Die, Skeletons, Die!

Most of the popular American board game themes involve violence of some sort. In fantasy, this is the classic adventuring party of the fighter, the mage, the cleric, and the rogue running into a dungeon and killing goblins, orcs, and skeletons. Sci-fi games take a grander scale, with gigantic spaceships firing lasers at one another. Zombies, superheroes, mafia – all of these themes require the frequent use of violence.

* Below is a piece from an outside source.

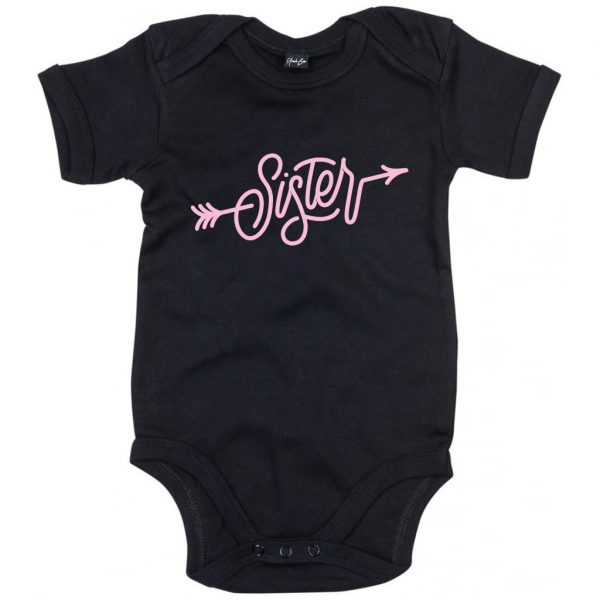 little sister baby grow black and pink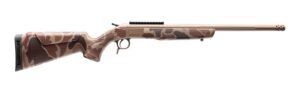 CVA CR4441DC Cascade Takedown 400 Legend 1rd 20" Flat Dark Earth Cerakote Stainless Steel Threaded Barrel & Receiver w/Picatinny Rail, Duck Camo Synthetic Stock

This is not necessarily because the average American gamer is bloodthirsty, but instead plays into a power fantasy. The ability to inflict violence is developed from significant physical skill, something that the majority of gamers, because gaming is a more mental hobby, either don’t or can’t develop. Violence in games translates mental power, which is often subtle and unsatisfying, into physical might.

Pro Farmer 2000 XP

Let’s turn our attention to the peaceful Euro. The running gag about these games is that they are almost invariably about farming, and indeed, the vast majority of them have very pastoral, almost boring themes: The hard-working farmer, the Roman architect, the peaceful village. How do people find the necessary stakes in these themes?

My hypothesis: Scale.

Eurogames give the players the reins over a domain of any size from a family (Village, Agricola) to a village (Catan) to an entire civilization (7 Wonders, Stone Age). Even games where players represent one person, like Last Will, typically has them in positions where they are capable of colossal things. Generally, time is compressed so that a single turn could be representative of weeks, months, or even years in extreme cases; civilizations are built and destroyed over forty-five minutes.

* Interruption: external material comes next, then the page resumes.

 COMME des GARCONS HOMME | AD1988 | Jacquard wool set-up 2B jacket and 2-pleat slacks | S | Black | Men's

This is a power fantasy of a different sort, one where players aren’t supernaturally powerful but where they can construct something grand. Day-to-day, the average person doesn’t get to design a city, or build a house, or guide a civilization – the biggest decision they get to make is what to have for dinner. Classic Euro themes forego violence but retain the players’ subconscious wish to be something greater than they are.

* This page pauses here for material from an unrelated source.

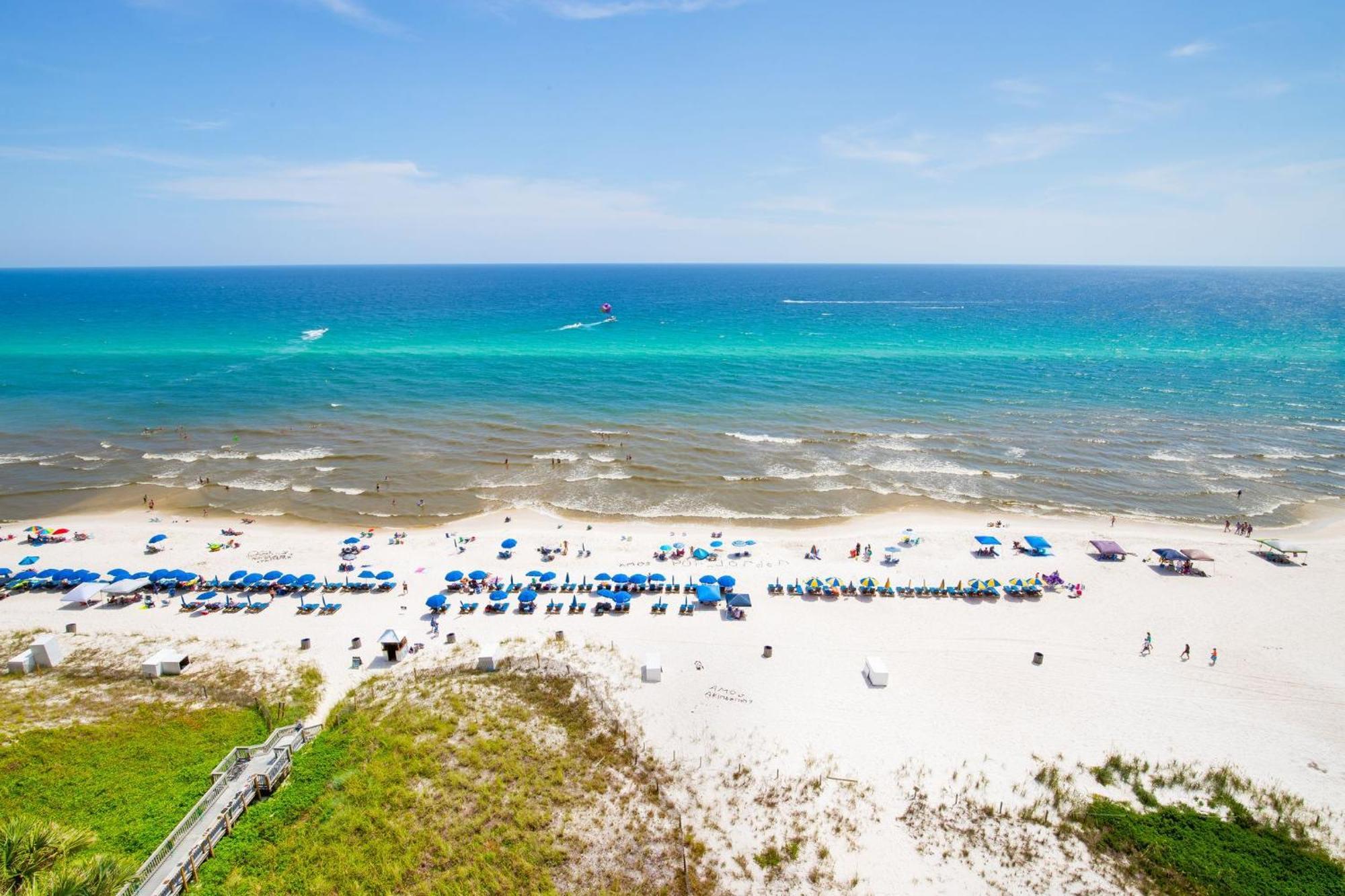 Gulf Front Master Br In Sunrise Beach With Amazing Views! Sleeps 7! Panama City Beach Dış mekan fotoğraf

Stereotypes And The Tautological Argument

It could also be said that these themes are popular because they are popular. One of the most insightful articles in designing theme for board games is Bruno Faidutti’s Postcolonial Catan, an essay that mostly discusses exoticism and stereotypes in board games, explaining their prevalence in tabletop games with this astoundingly profound sentence:

“The game designer, like the painter, cannot enliven his work by complex and subtle storytelling, and must do it only by winks and nods – a camel here, a helmet there. As a result, he makes heavy use of orientalist, ‘medievalist’ or ‘antiquist’ clichés.”

A board game has very little real estate it can use to convey its world. This faces the designer (and illustrator, and graphic designer, if these are three different people) with a dilemma: Do we stick with something familiar, allowing players some insight into how our mechanics work, or do we do something strange at higher risk? Given that theme is not a strong concern for many designers, and most people would prefer to see their game succeed, it isn’t difficult to see that they would immediately jump to something popular.

Conclusion

I don’t know if identifying the reasons board games have fairly homogenous themes will lead to more diversity; some themes just lend themselves better to games than others. However, I feel that theme is a part of games that isn’t talked about as often as mechanics or economics, and one that, if paid attention to more, could result in much wider audiences.